Banyak orang berasumsi bahwa peristiwa ini terjadi karena kenakalan anak tersebut yang telah membunuh ular di bawah pohon besar sekitar jam satu dini hari sebelum anak itu menghilang.
Kegemparan cerita ini menjalar hingga ke kampung-kampung tetangga sehingga yang tidak takut menjadi takut, yang sudah takut semakin takut, Itulah kedasayatan cerita dari mulut ke mulut.
Satu kesempatan mosalaki ria bewa (para tetua yang memegang jabatan tertentu dalam adat) memanggil semua ana kalo fai walu (sebutan untuk masyarakat biasa selain para tetua adat dalam adat masyarakat Lio).
“Anak-anaku tentu kita semua tahu akan peristiwa yang telah menimpa kampung kita tercinta. Adalah suatu pertanda bahwa ada yang tidak beres dengan kehidupan kita di kampung ini, sehingga yang menjadi korban adalah anak kita sendiri. Ini adalah hal yang tidak mudah dibiarkan begitu saja. Kita harus melakukan permohonan maaf dengan mempersembakan tanduk Kerbau merah agar jiwa anak kita yang ditemukan berbaring di atas dahan tua itu dikembalikan, jika tidak nyawa anak itu menjadi taruhan, yang ada dalam gengaman kita sekarang hanyalah anak tanpa jiwa”.

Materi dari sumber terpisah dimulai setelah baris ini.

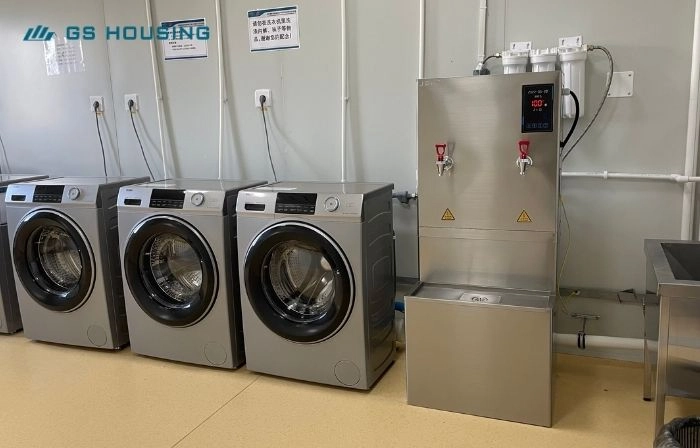 modular camp laundry room facility with washing machines for workforce accommodation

Menanggapi hal tersebut, dalam waktu satu minggu selanjutnya kesibukan masyaraskat benar-benar total. Bunyi gong gendang, tarian pemujaan, nyanyian syair-syair adat dilantunkan, pembunuhan kerbau merah dilangsungkan tepat di bawah pohon tua itu darahnya dioles pada anak lelaki malang dan tanduknya digantungkan.

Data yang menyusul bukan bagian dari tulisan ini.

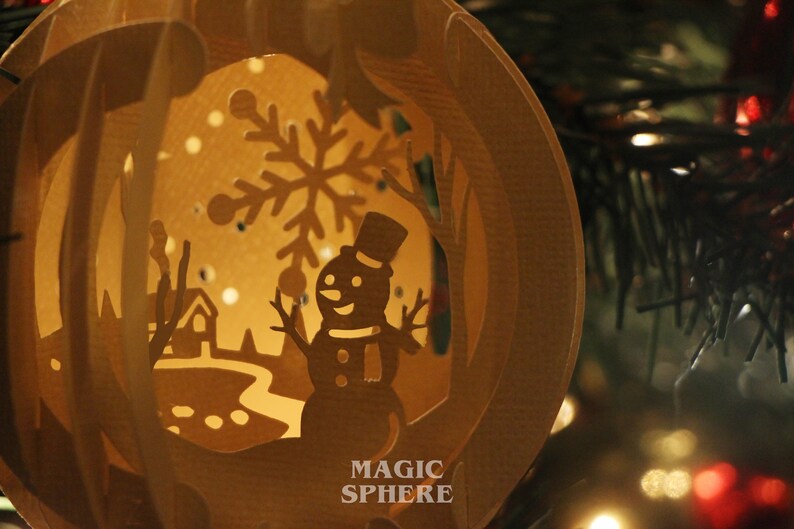 May include: A brown paper mache Christmas ornament with a cut-out design of a snowman, a snowflake, and a winter scene. The ornament is lit from inside, creating a warm glow. The text "MAGIC SPHERE" is printed on the bottom of the ornament.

Malam harinya ketua adat mendapat suatu pengelihatan, bahwa ada seekor ular besar melilit pohon tua itu dan menjilat percikan serta genangan darah yang ada disekitar pohon tempat pemenggalan kepala Kerbau.
Dari balik kulitnya keluarlah semacam kabut berbentuk manusia terbang meninggalkan ular dan pohon tua itu. Suatu mukjizat yang memang sudah diyakini oleh seluruh masyarakat bahwa hal itu akan terjadi. Anak itu berangsur angsur mulai pulih, pada tengah hari ia sudah kembali beraktivitas seperti biasa walaupun masih dalam pengawasan.
Dedu, mahasiswa salah satu universitas metropolitan yang kebetulan berlibur mengalami suatu pergulatan, mengaku kebenaran mitos yang sudah lama ia tinggalkan ataukah berusaha mencari tahu fenomena apa di balik pristiwa ini.
Pada saat ia memutuskan mencari tahu ia dihadapkan pada suatu persoalan baru yang tidak ia pikirkan sebelumnya. Dedu menjadi buah bibir masyarakat, ia dicap sebagai anak tidak tau diri, seorang anak pembangkang yang ingin merusak segala keharmonisan dalam kampungnya.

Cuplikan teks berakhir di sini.